Publié le 10/12/2017 à 08:40 par mamietitine Tags : moi monde bonne homme chez france fond travail nuit cadre fille sur pouvoir voyage jardin maison image centerblog gif png

NAÏVETES

 

LE VIEUX VELO.

 

 

 

Papa l’avait acheté après son service militaire, en

1920. Il se l’était offert avec une partie de

l’argent des indemnités qu’il venait de toucher

pour ses années d’emprisonnement, comme

déporté, au camp de concentration de Guben, à

la frontière polonaise. Ce fut d’abord un vélo de

course, mais après son mariage avec maman, il

en changea le guidon afin de permettre à sa

jeune épouse de s’assoir en amazone sur le

barreau supérieur du cadre. Il trimbala ainsi

régulièrement sa petite Laure chérie jusqu’à

Erneuville, un village tout près de Marche en

Famenne, en Ardenne profonde, où son frère

préféré, l’oncle Emile, exerçait le noble métier

d’instituteur. Papa éprouvait un besoin viscéral

de se ressourcer près de son frère aîné qui avait

lui-même passé les quatre années de guerre

dans les tranchées.
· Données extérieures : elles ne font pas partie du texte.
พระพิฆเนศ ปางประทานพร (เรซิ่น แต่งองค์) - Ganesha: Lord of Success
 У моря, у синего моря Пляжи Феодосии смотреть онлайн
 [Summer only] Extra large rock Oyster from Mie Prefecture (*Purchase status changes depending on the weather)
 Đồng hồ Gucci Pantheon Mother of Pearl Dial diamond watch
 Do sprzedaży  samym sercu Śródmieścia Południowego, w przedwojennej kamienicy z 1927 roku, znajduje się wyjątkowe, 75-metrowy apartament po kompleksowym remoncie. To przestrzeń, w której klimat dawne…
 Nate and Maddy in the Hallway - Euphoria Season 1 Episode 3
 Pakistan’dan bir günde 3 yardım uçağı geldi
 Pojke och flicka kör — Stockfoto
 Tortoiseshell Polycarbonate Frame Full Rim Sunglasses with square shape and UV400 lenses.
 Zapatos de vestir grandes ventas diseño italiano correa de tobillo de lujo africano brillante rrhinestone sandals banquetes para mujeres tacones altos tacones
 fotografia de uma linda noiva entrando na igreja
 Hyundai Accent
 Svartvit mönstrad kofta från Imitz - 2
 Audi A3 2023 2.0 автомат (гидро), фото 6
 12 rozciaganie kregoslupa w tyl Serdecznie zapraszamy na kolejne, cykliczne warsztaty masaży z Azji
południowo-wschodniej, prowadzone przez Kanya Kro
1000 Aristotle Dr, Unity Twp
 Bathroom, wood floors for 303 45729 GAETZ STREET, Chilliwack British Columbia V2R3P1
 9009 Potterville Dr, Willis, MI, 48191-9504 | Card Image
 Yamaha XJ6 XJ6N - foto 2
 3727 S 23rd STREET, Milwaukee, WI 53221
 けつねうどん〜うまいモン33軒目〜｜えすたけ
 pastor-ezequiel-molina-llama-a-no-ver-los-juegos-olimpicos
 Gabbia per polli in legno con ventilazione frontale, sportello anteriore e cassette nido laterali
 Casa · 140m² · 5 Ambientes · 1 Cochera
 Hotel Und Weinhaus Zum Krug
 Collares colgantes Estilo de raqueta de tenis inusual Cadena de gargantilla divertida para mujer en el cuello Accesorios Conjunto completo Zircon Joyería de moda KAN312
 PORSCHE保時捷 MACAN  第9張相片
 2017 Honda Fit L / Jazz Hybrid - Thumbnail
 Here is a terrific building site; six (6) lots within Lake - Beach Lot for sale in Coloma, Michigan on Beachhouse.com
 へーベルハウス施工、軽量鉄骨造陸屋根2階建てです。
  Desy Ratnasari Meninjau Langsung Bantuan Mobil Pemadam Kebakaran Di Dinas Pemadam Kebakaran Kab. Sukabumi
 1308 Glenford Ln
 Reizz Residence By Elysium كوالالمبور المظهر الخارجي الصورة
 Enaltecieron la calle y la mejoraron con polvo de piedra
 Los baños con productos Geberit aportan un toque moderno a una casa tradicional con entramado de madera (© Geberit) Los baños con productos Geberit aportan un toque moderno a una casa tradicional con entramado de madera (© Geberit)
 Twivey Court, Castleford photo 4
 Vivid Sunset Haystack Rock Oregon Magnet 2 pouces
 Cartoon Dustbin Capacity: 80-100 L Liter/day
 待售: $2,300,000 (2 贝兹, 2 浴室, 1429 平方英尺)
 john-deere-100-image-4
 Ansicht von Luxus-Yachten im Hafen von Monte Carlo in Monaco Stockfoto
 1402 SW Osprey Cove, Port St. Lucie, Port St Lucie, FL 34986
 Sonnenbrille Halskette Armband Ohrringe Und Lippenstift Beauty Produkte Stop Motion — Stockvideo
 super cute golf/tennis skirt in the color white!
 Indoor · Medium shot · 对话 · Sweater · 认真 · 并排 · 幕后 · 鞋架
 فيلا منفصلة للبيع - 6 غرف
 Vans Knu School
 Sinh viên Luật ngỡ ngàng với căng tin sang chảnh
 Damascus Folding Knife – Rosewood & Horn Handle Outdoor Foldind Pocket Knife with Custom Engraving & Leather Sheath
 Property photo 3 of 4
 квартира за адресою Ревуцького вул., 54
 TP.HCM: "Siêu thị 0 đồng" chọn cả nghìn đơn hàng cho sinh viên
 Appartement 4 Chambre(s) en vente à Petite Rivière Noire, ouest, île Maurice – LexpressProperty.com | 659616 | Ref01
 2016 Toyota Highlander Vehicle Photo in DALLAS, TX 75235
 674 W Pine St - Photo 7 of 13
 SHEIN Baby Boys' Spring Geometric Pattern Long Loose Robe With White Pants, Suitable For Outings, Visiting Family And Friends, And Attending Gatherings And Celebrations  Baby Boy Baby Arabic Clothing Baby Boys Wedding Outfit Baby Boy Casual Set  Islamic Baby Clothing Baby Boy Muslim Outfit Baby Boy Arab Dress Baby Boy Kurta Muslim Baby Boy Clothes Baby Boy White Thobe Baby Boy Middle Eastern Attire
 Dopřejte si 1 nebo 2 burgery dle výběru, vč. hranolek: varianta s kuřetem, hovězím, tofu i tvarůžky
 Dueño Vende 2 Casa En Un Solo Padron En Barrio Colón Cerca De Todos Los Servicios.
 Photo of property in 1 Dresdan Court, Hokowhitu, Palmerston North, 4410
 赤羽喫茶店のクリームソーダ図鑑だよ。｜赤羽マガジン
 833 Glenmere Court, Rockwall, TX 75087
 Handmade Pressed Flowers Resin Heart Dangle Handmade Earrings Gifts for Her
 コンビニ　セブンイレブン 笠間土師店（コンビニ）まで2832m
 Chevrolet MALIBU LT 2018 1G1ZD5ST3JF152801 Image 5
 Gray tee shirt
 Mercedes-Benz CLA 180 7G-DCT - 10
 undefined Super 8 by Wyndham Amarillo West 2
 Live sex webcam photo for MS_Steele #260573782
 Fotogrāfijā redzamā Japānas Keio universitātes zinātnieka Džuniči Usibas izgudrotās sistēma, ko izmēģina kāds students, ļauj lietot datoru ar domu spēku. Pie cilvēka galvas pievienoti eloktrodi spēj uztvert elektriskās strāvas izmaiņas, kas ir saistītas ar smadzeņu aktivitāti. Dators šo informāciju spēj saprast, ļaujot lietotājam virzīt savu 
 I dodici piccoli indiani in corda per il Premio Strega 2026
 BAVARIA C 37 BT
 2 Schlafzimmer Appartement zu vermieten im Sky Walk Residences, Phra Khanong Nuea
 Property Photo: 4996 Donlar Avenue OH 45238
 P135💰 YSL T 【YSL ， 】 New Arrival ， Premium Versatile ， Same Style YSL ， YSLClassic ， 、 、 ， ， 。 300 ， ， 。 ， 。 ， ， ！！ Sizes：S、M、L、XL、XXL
Ensemble, les deux frères

allaient à la pêche et à la chasse en se

partageant leur vécu de ces rudes années, tandis

que leurs épouses, complices, se retrouvaient

avec délices.

 

 

 

Arriva une autre guerre, celle de quarante, et

quand la moto de papa fut réquisitionnée par les

allemands, le vieux vélo reprit du service. Papa

s’en servit pendant quatre ans pour parcourir les

douze kilomètres qui séparaient le village de

Chantemelle, où nous habitions alors, de son lieu

de travail à la gare de formation de Stockem.

Mais le déplacement professionnel n’était pas le

seul responsable du délabrement du vieux

vélo…Quand la famille retourna habiter notre

maison de Heinsch, maman fut fort étonnée de

trouver notre grenier rempli de marchandises que

notre père et ses copains avaient dérobées aux

allemands dans le but de les distribuer aux

habitants les plus nécessiteux du village..

 

 

En tant qu’employé à la S.N.C.F.B, papa

travaillait à la gare de formation des trains de

marchandises en partance pour l’Allemagne, la

France, la Suisse et l’Italie. Ses collègues, tout

comme lui-même, considéraient le vol de

marchandises aux allemands comme un acte de

résistance à l’ennemi, mais il fallait cibler les

wagons et agir pendant les nuits les plus noires.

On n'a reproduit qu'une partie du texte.